My Variation of Hick’s Law

by on 06/29/10 at 11:09 am

I don’t know if it’s just me, but it feels like efficiency is often underestimated. People focus on outcome and results so much that they forget that the means to the end is just as important. For example, when I’m at a restaurant looking at a menu that has a myriad of choices and I can’t decide what I want, it not only takes me a while to decide, but I worry about making the wrong choice and later regretting it. The same thing happens to people when they are at a website and there’s a myriad of links in the menu to choose from. It not only takes them much longer to decide, but the probability of error increases when they are faced with too many choices.

Hick’s Law states that the time it takes to make a decision increases as the number of alternatives increases.  There’s an element to Hick’s Law that it does not bring attention to.  There is a lot of emotional stress that comes when people are overwhelmed with too many choices. People can worry about making the wrong choice, worry about not understanding the differences of each choice or worry that they are spending far too much time figuring out what to choose.  Thus, Hick’s Law doesn’t just deal with minimizing response times and error rates, but it deals with minimizing emotional stress as well.

Another element to Hick’s Law is the element of distinction.  A widespread habit I see on websites are the many options of closely related menu titles in the navigation. This careless mistake people make can cause confusion and inefficiency for users. When the name of a section in the menu is too closely related to the name of another section it can slow user decision-making down and cause users to wonder and question what makes one section of the site different from another. The name you use for each section in your navigation menu should be distinctly different.  If they are the least bit similar, you could risk decreasing user efficiency.

I would like to apply my variation to Hick’s Law. The new Hick’s Law (Anthony’s Law) states that the time and emotional energy it takes to make a decision increases as the number of indistinct alternatives increases.

7 Responses to “My Variation of Hick’s Law”

  1. Vitorio

    Jul 9th, 2010

    I’m sorry, I’m afraid I don’t understand what you mean by “rewrite Hick’s Law and apply my variation to it.” “Hick’s Law” isn’t a catchy quote about decision-making that was arbitrarily invented and written down. It came out of scientific research (dating back to 1868 according to Wikipedia), and repeatable experiments were done to validate it. Hick’s Law is an equation.
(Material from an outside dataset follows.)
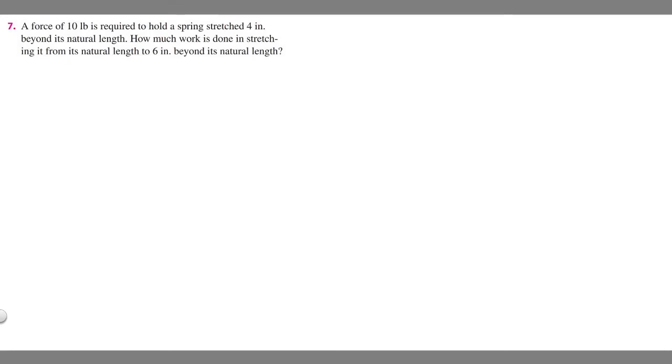In this problem, we're told a force of 10 pounds is required to hold a spring stretched 4 inches beyond its natural length. How much work is done in stretching it from its natural length to 6 inches beyond its natural length?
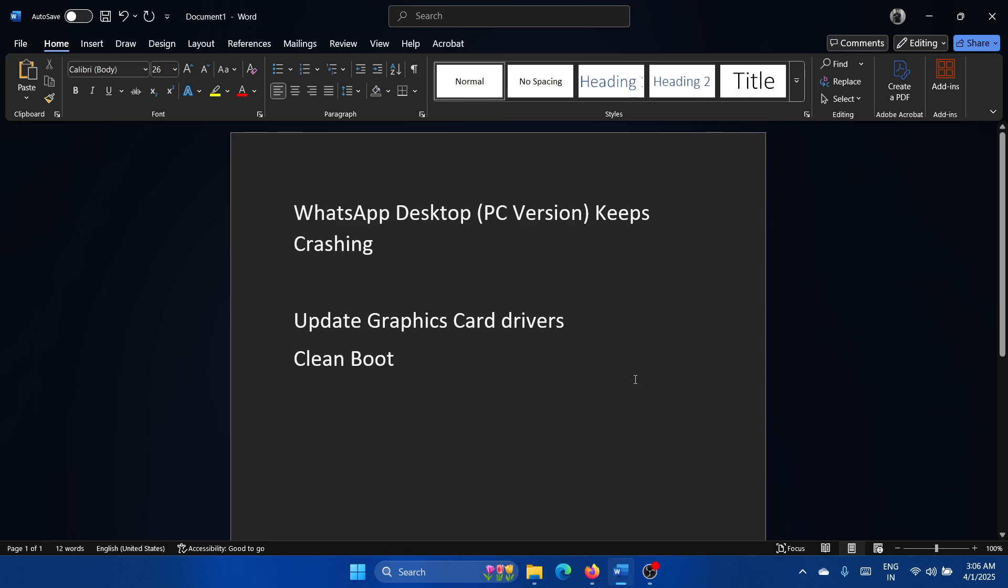Hey friends, if you encounter this issue with WhatsApp Desktop PC version that keeps crashing, please watch this video.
    As a result, by “rewrite” do you actually mean “I intend to perform experiments to validate my hypothesis that emotional stress [clinical explanation needed] and distinction [uniqueness?] affect decision making time?” I assume your hypothesis would be more thoroughly described, if so.

    However, Hick’s Law already takes into account emotional stress. As it turns out (again according to Wikipedia), a raw value has “1″ added to it “because there is uncertainty about whether to respond or not, as well as about which response to make.” Distinctness is also sort-of already covered, in that if a list will take linear time (one imagines a visually indistinct word list is functionally similar to a randomly ordered one), Hick’s Law does not apply.
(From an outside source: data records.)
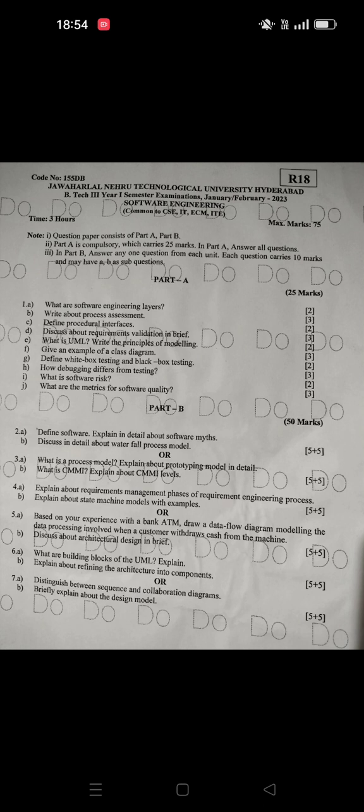Write about requirement management. Requirement phases are next. Next is the machine model, and then ATM machine. I have a lot of sequence diagrams.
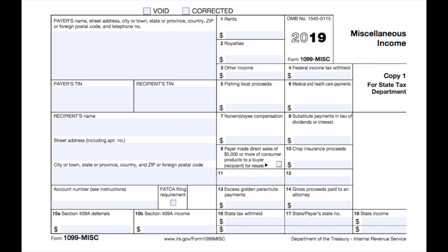A 1099 worker is not an employee — they're an independent contractor. You're not required to pay an independent contractor minimum wage or offer them any kinds of employee benefits. By January 31st of each year, you'll need to provide your 1099 independent contractors with a 1099 form, which they'll then use to file their taxes.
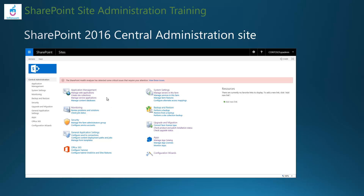This slide also shows the SharePoint 2016 central administration site homepage. You can see the application management section where you can manage web applications and create site collections, monitor the farm, the security section, backup and restore, and system settings showing all the servers in the farm. These links lead to other landing pages with more advanced settings. This concludes the video — thanks for listening, bye.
    Perhaps “Principle #2″ should instead be “Learn about Hick’s Law?”

    • anthony

      Jul 10th, 2010

      You’re half right. Hick’s Law is indeed scientific research made into a mathematical equation, but it is also a PRINCIPLE widely used today. See the original principle at the bottom of the article.

      Keep in mind you’re at a BLOG, not a SCIENCE LAB. If this was for the Journal of Experimental Psychology in 1953 then I’d probably conduct an experiment like Hick did, but it’s not, so I won’t.
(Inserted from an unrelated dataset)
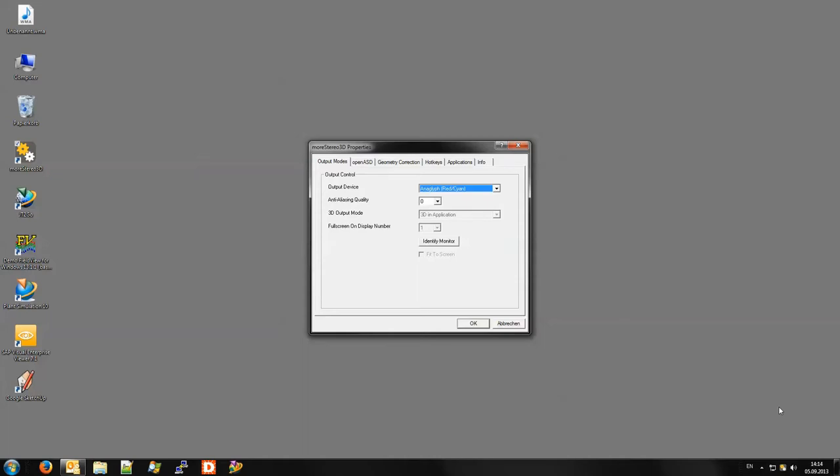You can choose from 3D monitor modes, anaglyphic modes and 3D projection modes. For demonstration purposes I will be presenting an anaglyph mode.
      The original Hick’s Law does NOT take into account emotional stress or choice uniqueness at all. Hick’s Law simply deals with the relationship between REACTION TIME and NUMBER OF CHOICES.
      My variation states that as the number of choices goes up the amount of EMOTIONAL ENERGY (not just time) needed to make the decision also goes up. Thus, the user experience is affected even more. It’s also stating that the more SIMILAR your choices are the longer it takes to make a decision due to the lack of choice distinctiveness.

      The most important thing about these principles is to understand the underlying CONCEPT.

  2. dental hygienist

    Jul 15th, 2010

    Wow this is a great resource.. I’m enjoying it.. good article

  3. Autism Symptoms

    Jul 26th, 2010

    Pretty nice post. I just stumbled upon your blog and wanted to say that I have really enjoyed browsing your blog posts. In any case I’ll be subscribing to your feed and I hope you write again soon!

  4. Mathew Sanders

    Aug 29th, 2010

    You should read Information Anxiety by Richard Saul Wurman (, you will love it :)

  5. David Law

    Feb 10th, 2012

    Great read. There is actually already a thread of research based off of Hick’s Law about “stimulus discriminability”; the research psychologist’s fancy way of saying basically what you said, that if the choices being presented are difficult to distinguish to boot, that also affects choice reaction time.

  6. jahim

    Jun 15th, 2012

    Good read, your response to the first comment also. I’m not sure I read enough of this in a UX/ usability context. It seems really valuable in understanding the ‘why’s of what may otherwise appear common sense.